- **The problem**
The listing is to be repeated exactly, and its pictures are to be left out.

- **Material provided**
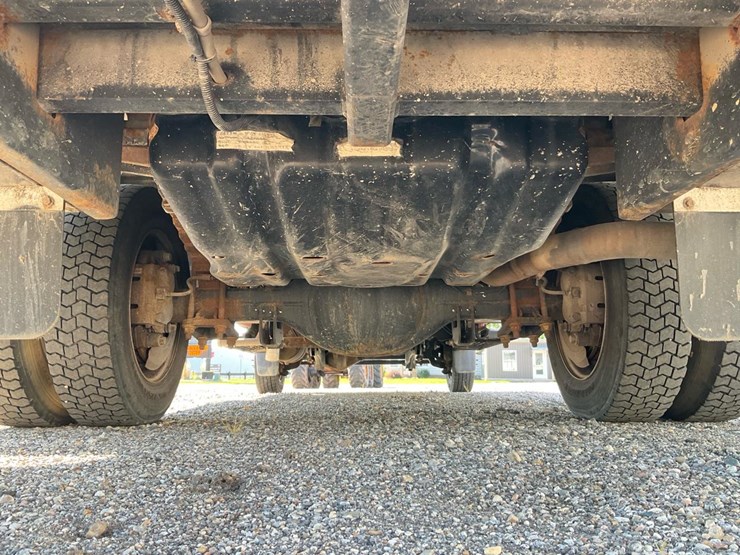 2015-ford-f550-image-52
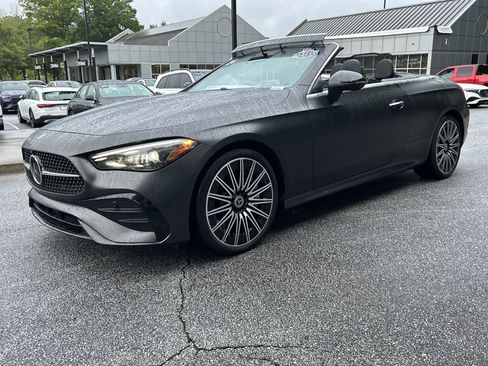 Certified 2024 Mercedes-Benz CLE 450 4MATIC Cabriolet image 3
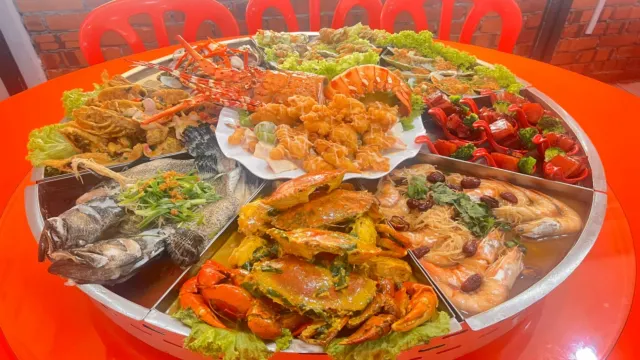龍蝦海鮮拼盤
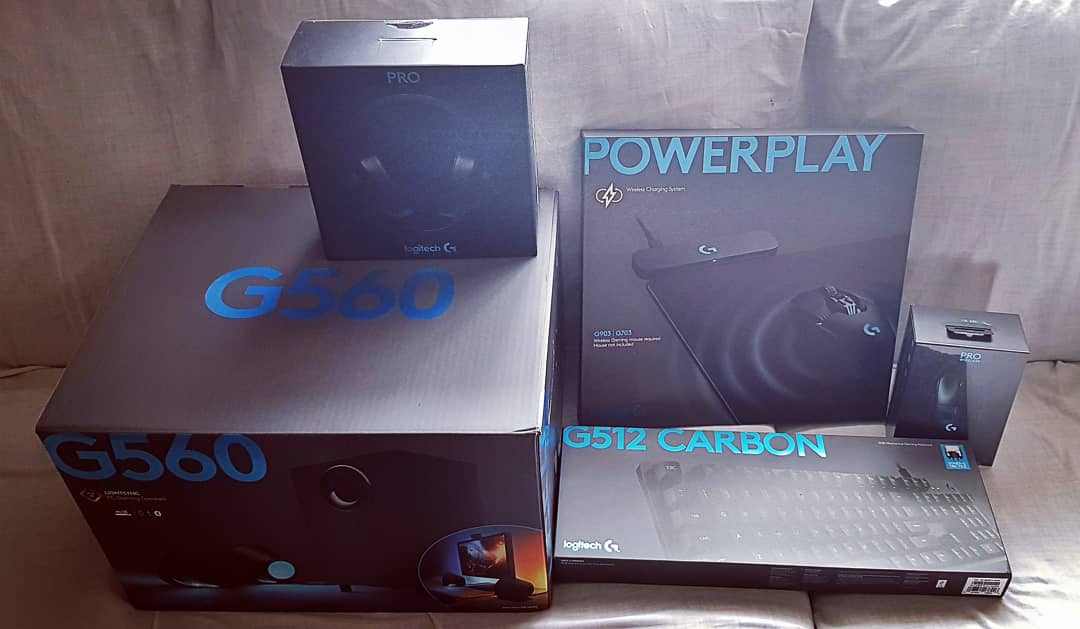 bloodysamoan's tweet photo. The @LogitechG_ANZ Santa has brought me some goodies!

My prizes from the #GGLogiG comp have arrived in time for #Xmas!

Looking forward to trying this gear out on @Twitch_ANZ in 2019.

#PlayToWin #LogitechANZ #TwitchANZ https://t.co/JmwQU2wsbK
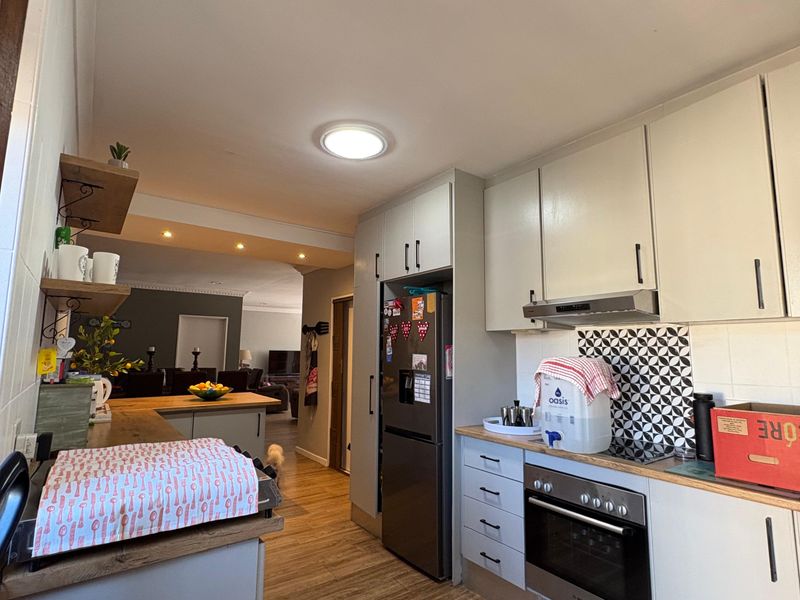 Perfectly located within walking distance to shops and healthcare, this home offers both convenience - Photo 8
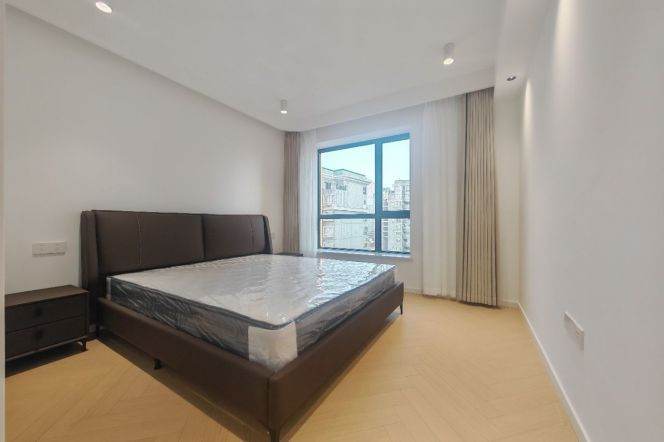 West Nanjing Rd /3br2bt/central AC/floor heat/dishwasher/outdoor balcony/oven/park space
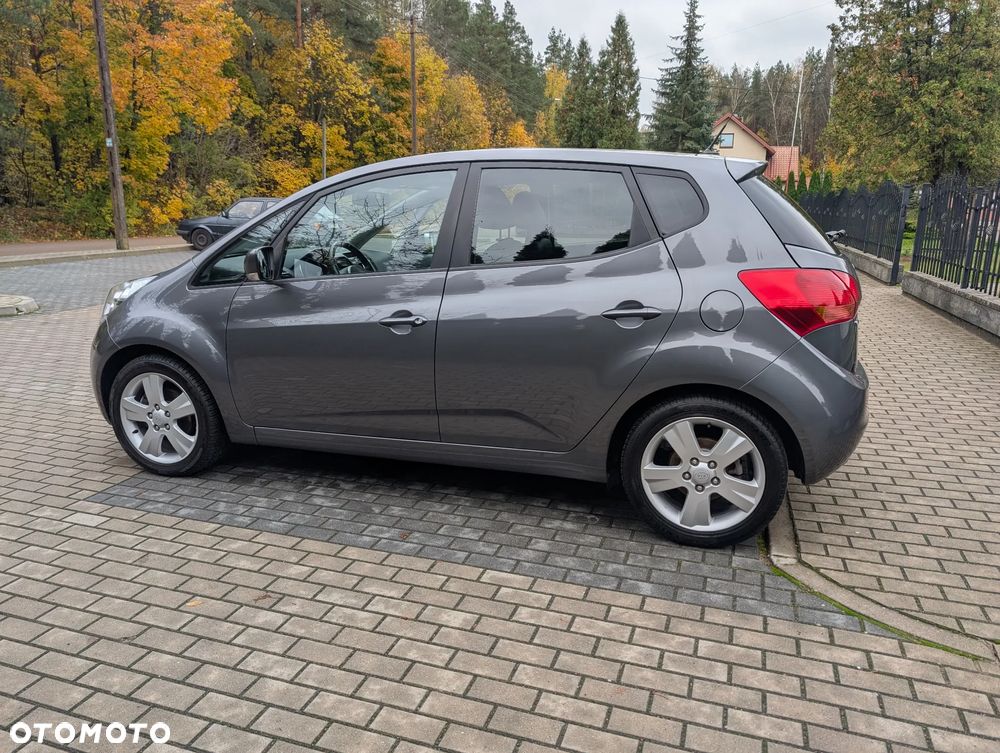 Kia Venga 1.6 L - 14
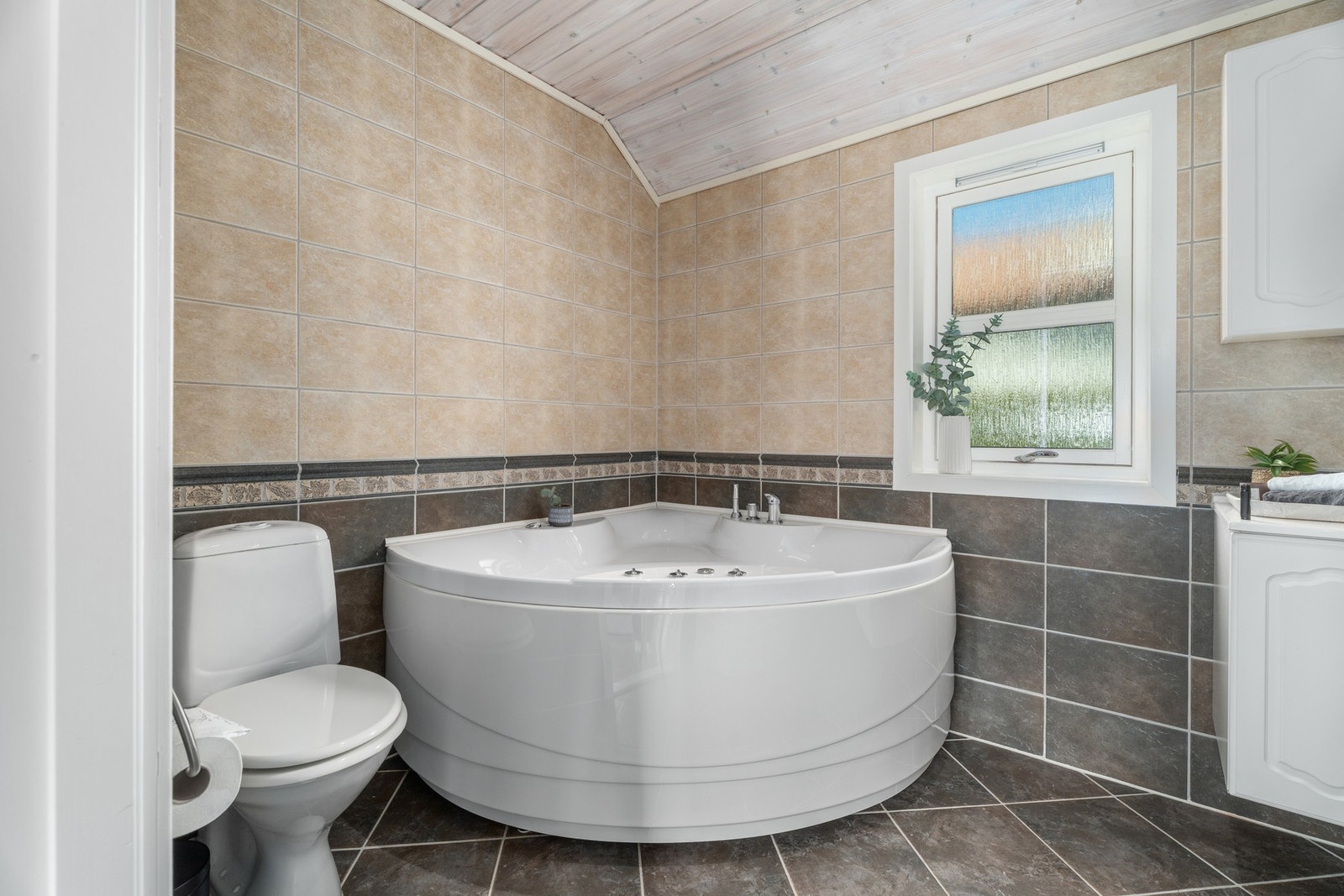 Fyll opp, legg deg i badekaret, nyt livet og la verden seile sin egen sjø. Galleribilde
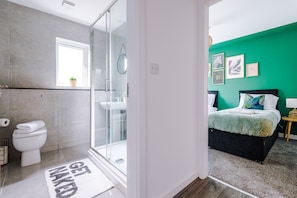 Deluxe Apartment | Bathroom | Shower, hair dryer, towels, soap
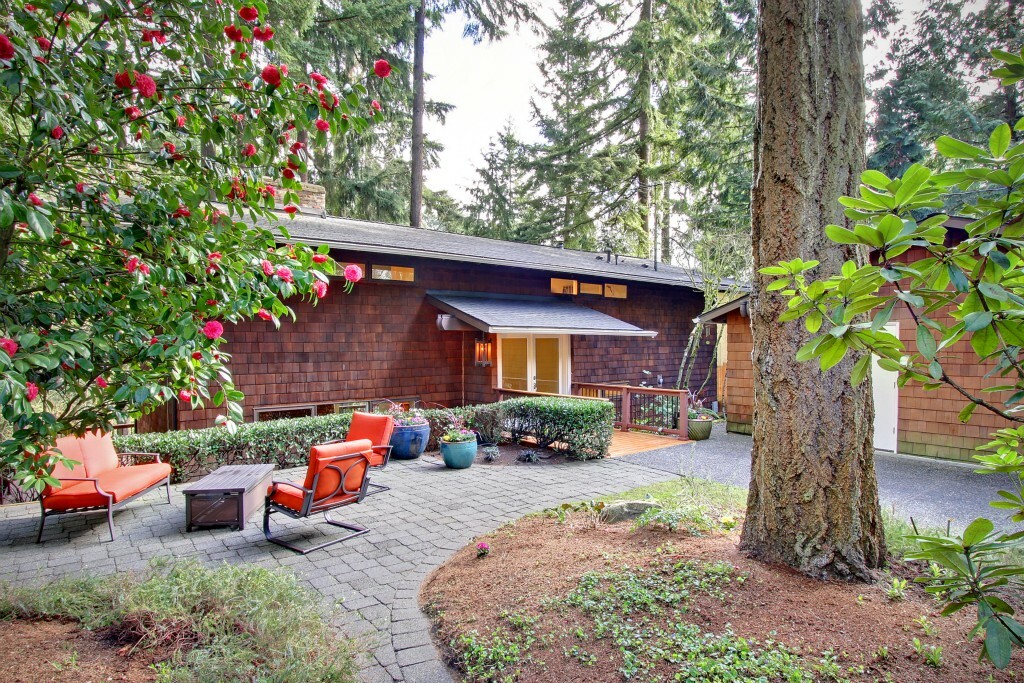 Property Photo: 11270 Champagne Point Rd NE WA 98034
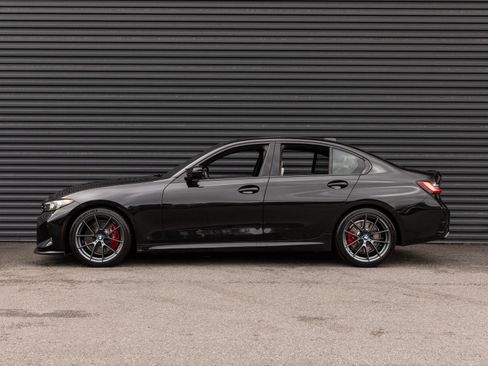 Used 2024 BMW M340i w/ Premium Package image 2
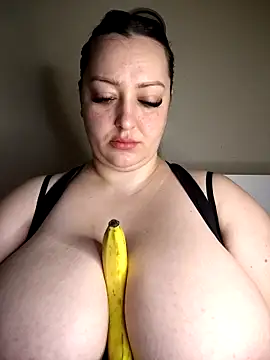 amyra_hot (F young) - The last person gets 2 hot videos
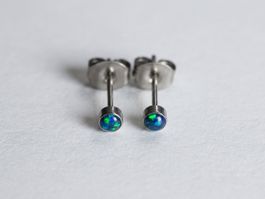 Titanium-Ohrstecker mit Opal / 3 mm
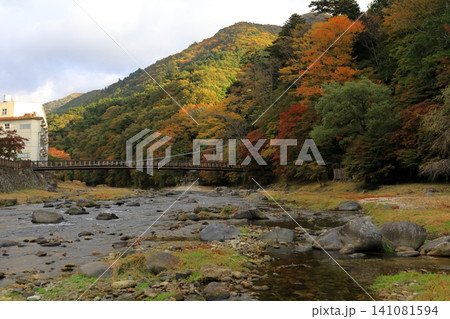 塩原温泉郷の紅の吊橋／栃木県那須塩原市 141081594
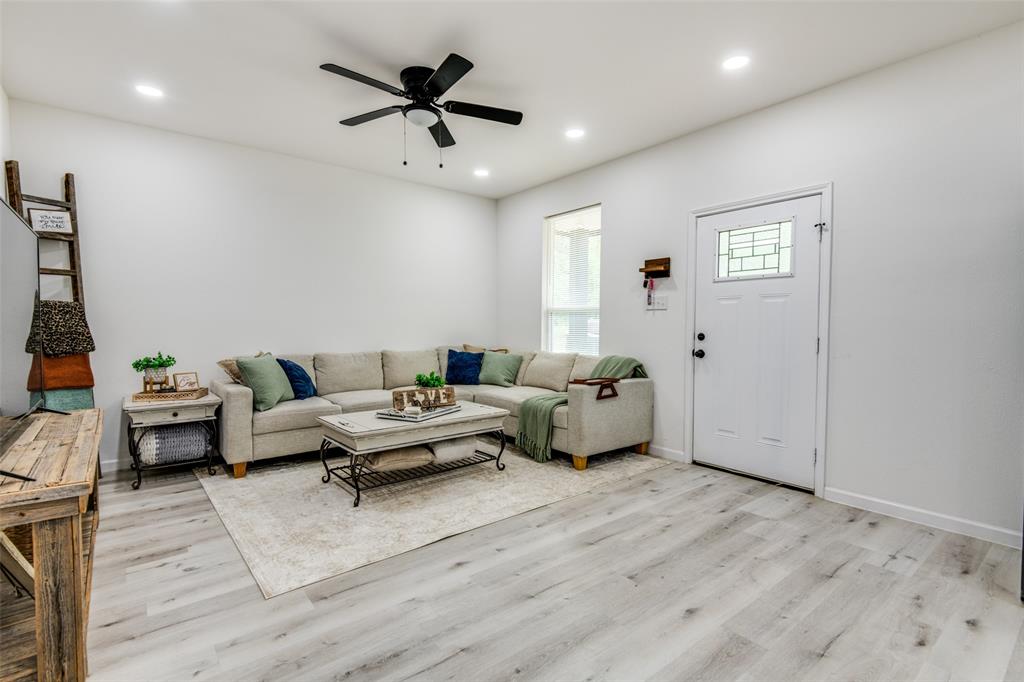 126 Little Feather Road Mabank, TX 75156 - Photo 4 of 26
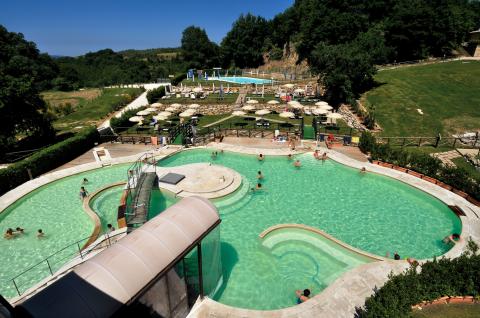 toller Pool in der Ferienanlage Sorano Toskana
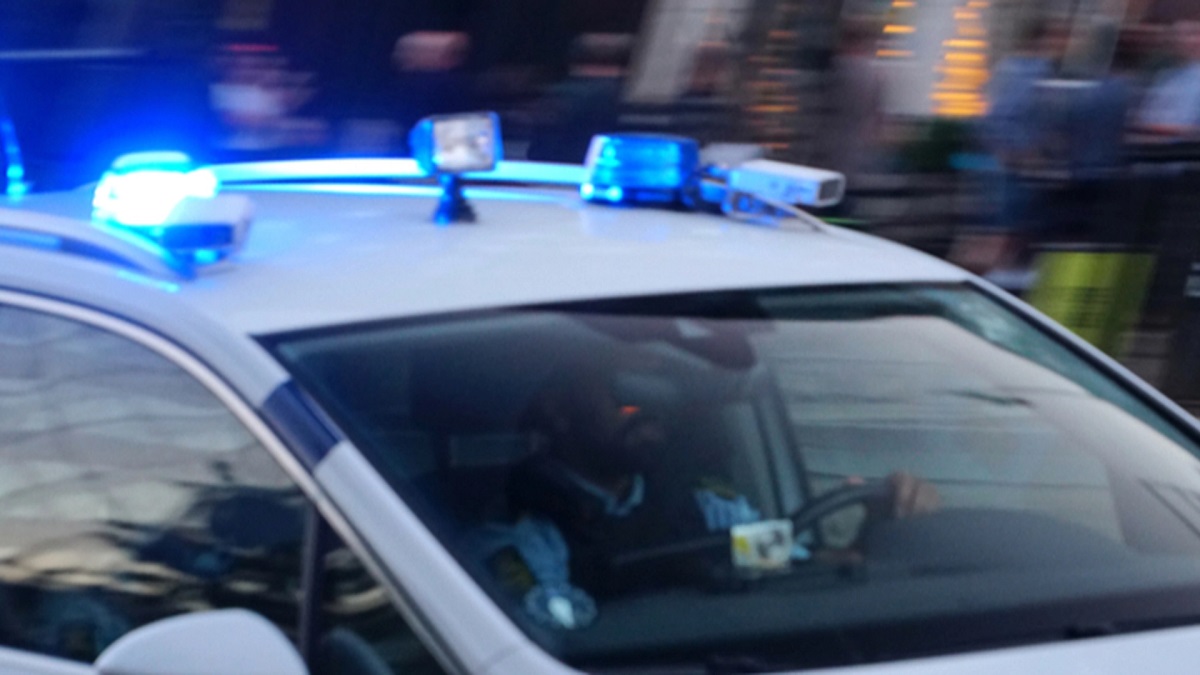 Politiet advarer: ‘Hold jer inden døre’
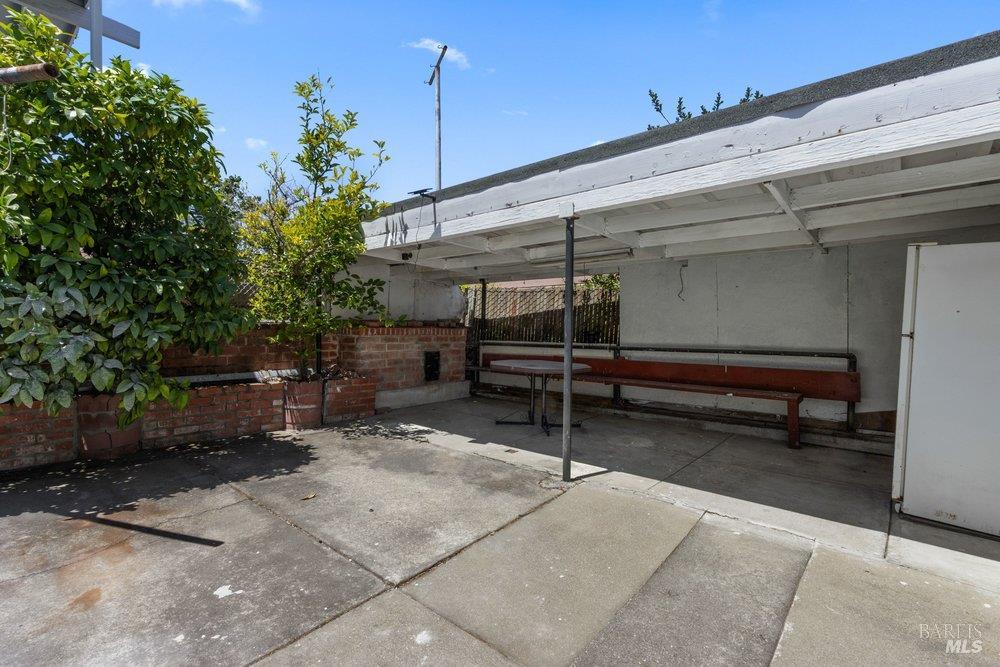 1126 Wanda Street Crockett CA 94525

- **Exercise solution**
 2015-ford-f550-image-52
 Certified 2024 Mercedes-Benz CLE 450 4MATIC Cabriolet image 3
龍蝦海鮮拼盤
 bloodysamoan's tweet photo. The @LogitechG_ANZ Santa has brought me some goodies!

My prizes from the #GGLogiG comp have arrived in time for #Xmas!

Looking forward to trying this gear out on @Twitch_ANZ in 2019.

#PlayToWin #LogitechANZ #TwitchANZ https://t.co/JmwQU2wsbK
 Perfectly located within walking distance to shops and healthcare, this home offers both convenience - Photo 8
 West Nanjing Rd /3br2bt/central AC/floor heat/dishwasher/outdoor balcony/oven/park space
 Kia Venga 1.6 L - 14
 Fyll opp, legg deg i badekaret, nyt livet og la verden seile sin egen sjø. Galleribilde
 Deluxe Apartment | Bathroom | Shower, hair dryer, towels, soap
 Property Photo: 11270 Champagne Point Rd NE WA 98034
 Used 2024 BMW M340i w/ Premium Package image 2
 amyra_hot (F young) - The last person gets 2 hot videos
 Titanium-Ohrstecker mit Opal / 3 mm
 塩原温泉郷の紅の吊橋／栃木県那須塩原市 141081594
 126 Little Feather Road Mabank, TX 75156 - Photo 4 of 26
 toller Pool in der Ferienanlage Sorano Toskana
 Politiet advarer: ‘Hold jer inden døre’
 1126 Wanda Street Crockett CA 94525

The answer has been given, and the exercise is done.